Set down again exactly the lines of the listing below that fall between the line holding "Short en jean" and the line holding "Apartment - Flat", inclusive.

§ Data records:
+ + +
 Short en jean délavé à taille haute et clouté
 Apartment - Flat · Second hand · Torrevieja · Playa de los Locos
+ + +
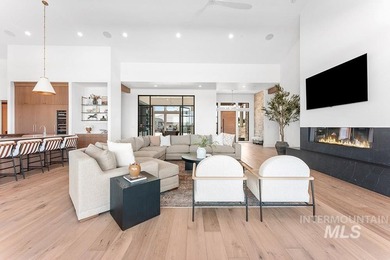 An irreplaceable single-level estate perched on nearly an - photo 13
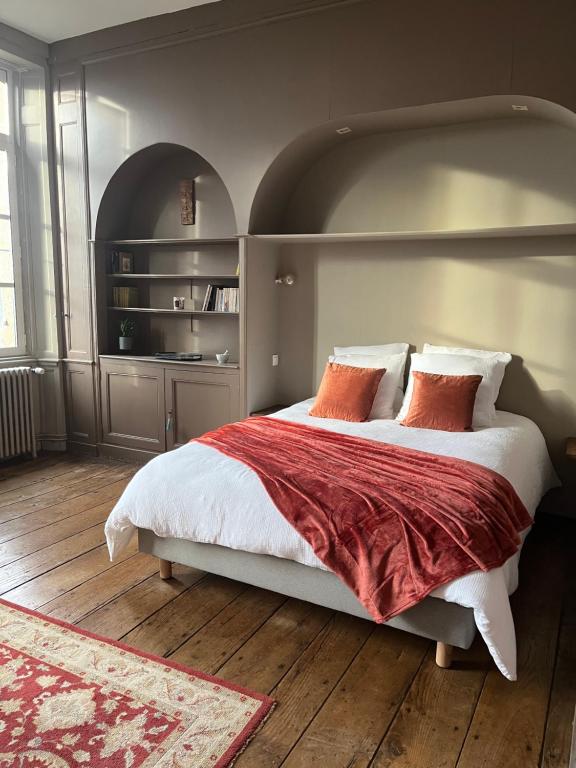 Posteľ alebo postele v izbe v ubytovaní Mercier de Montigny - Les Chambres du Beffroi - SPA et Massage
+ + +
§ Solution for this exercise:
 Short en jean délavé à taille haute et clouté
 Apartment - Flat · Second hand · Torrevieja · Playa de los Locos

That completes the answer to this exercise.